>>>>
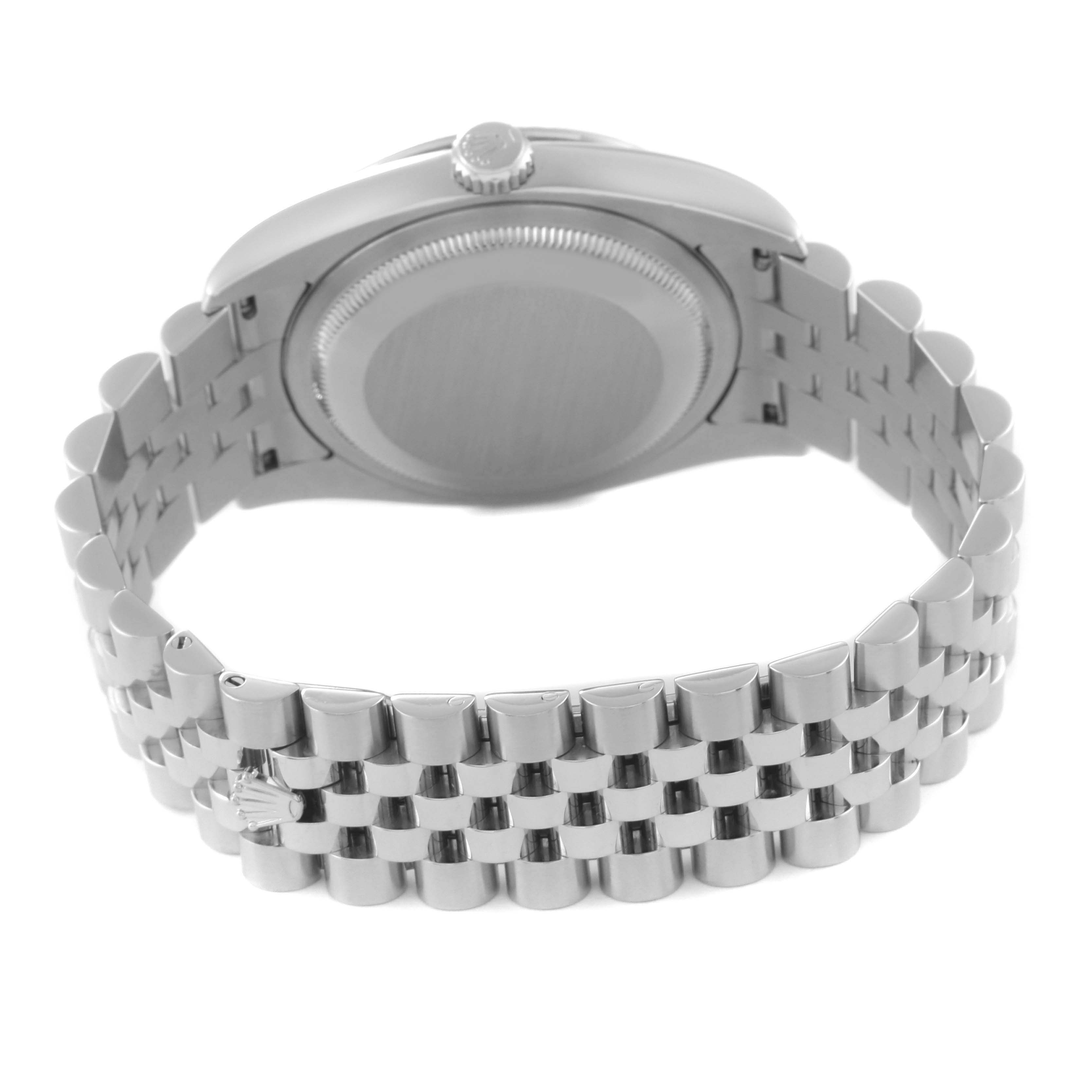 This image shows the back angle of a Rolex Turn-o-Graph 116264 Men
s Stainless Steel Blue Dial 116264 Men
s Stainless Steel Blue Dial watch, highlighting its case back and bracelet.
<<<<
Required work: Would you retype the lines of the data above, from the one holding "s Stainless Steel Blue Dial 116264 Men" through its final line, exactly and without adding any other line?

Result for this task:
s Stainless Steel Blue Dial 116264 Men
s Stainless Steel Blue Dial watch, highlighting its case back and bracelet.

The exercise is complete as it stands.